From the film and music industry to politics, the topic of gender balance has never been hotter.
Canadian Prime Minister Justin Trudeau, a self-proclaimed feminist, presented the first-ever gender balanced cabinet last year, one he pointed out “looks like Canada”. His simple explanation, “because it’s 2015”, gained worldwide praise and has now become a mantra for the women’s movement.
So how is this key part of the diversity and inclusion (D&I) agenda progressing at Shell? Over the past three years, we’ve achieved a lot.
Because it’s 2016
“Our D&I numbers are getting stronger,” says VP D&I Graham Sparks. “Since 2013, female graduate recruitment has increased from 34% to 43%; the representation of senior women has gone from 16.2% to 19%; and female representation on the Shell board has risen from one to three, moving us to 35th position in the FTSE 100 ranking.”
Shell was recently named on the Times Top 50 Employers for Women in UK for the third year running. And once again we’re the only oil and gas company on the list.
Shell businesses have their own gender targets that are championed by senior leaders. They use the targets to maintain focus and drive to improve in this key area. Hundreds of women have been through the Women’s Career Development programme and Senior Women’s Connect programme.

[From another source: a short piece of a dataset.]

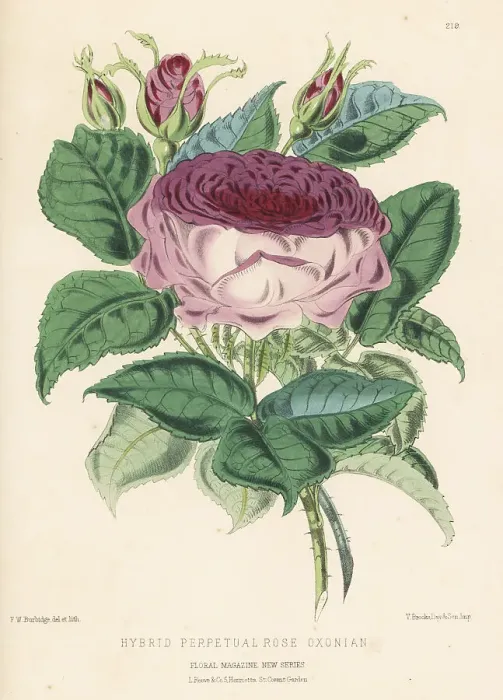 Framed Print : Hybrid perpetual rose, Oxonian Framed Print : Hybrid perpetual rose, Oxonian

Shell Women’s Networks have increased to 27, recently adding Indonesia, Pakistan and Iraq.
Shell’s actions in this space are positive, but are they enough? The short answer is no, says Graham. “While we’re making progress in what is traditionally seen as a male-dominated sector, we still have a long way to go to achieve true gender balance.”
So what more can we do?
At the recent Catalyst Awards, clothes retailer GAP was recognised for its Women and Opportunity initiative, which doesn’t specifically focus on women-only programmes, but is heavily orientated to a principle of building an inclusive workplace for all.
Graham joined other Shell business and employee network leaders at the event. He said: “GAP’s focus on a commitment to inclusive leadership really resonated with us because we increasingly believe that this is what will also help us in Shell, to move more quickly toward our goal of building a great place to work for all.”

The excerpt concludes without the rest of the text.